■ **Requirement**:
Include the line containing "Concept of tasty" and every line after it up to the end of the material below; reproduce them exactly and drop the pictures.

■ **Data provided**:

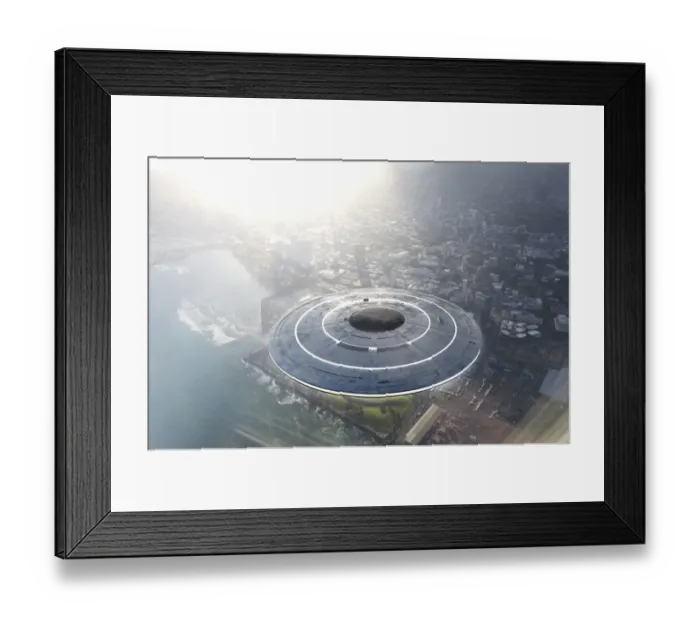 Framed Print : Circular UFO flying over city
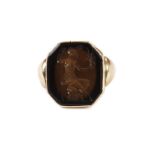 An antique gold and hardstone signet ring, the octagonal panel with intaglio of seated figure with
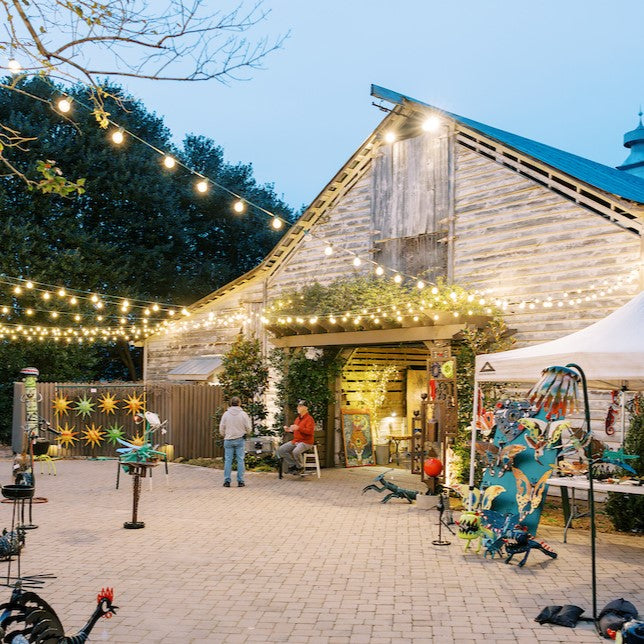 The Fearrington Folk Art Show, hosted by FEARRINGTON VILLAGE in a rustic barn adorned with string lights, will feature vibrant outsider art. Tall trees encircle the event, creating an enchanting atmosphere as visitors explore colorful sculptures during the Collector&#39;s Preview on February 21, 2025.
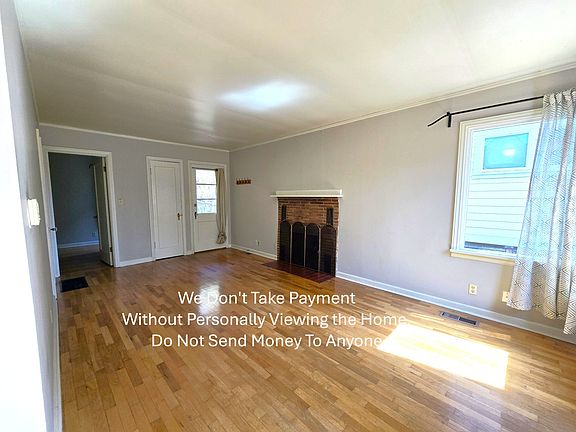 Large living room. Fireplace is inoperable.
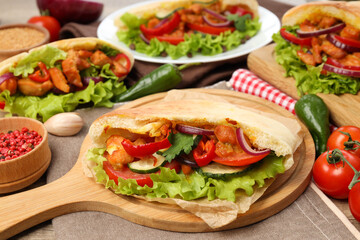 Concept of tasty food with pitas with chicken, close up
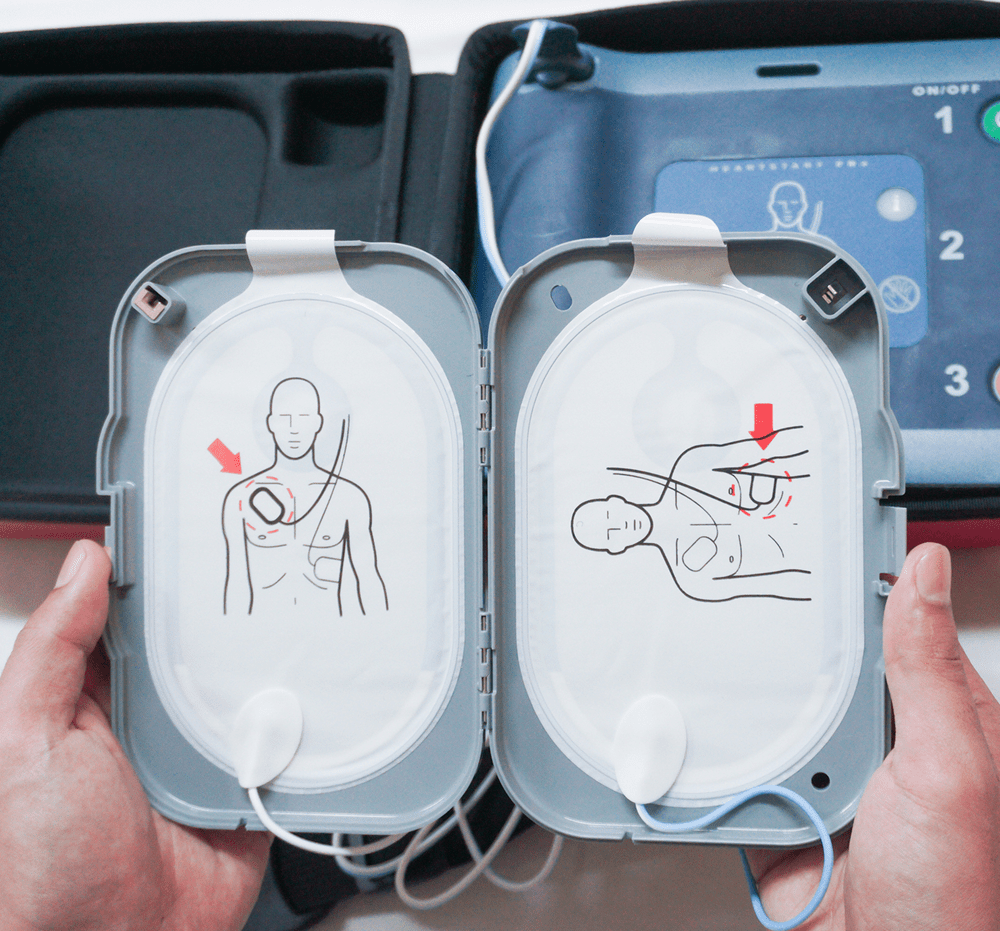 Hands holding AED pads and guide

■ **Answer box**:
 Concept of tasty food with pitas with chicken, close up
 Hands holding AED pads and guide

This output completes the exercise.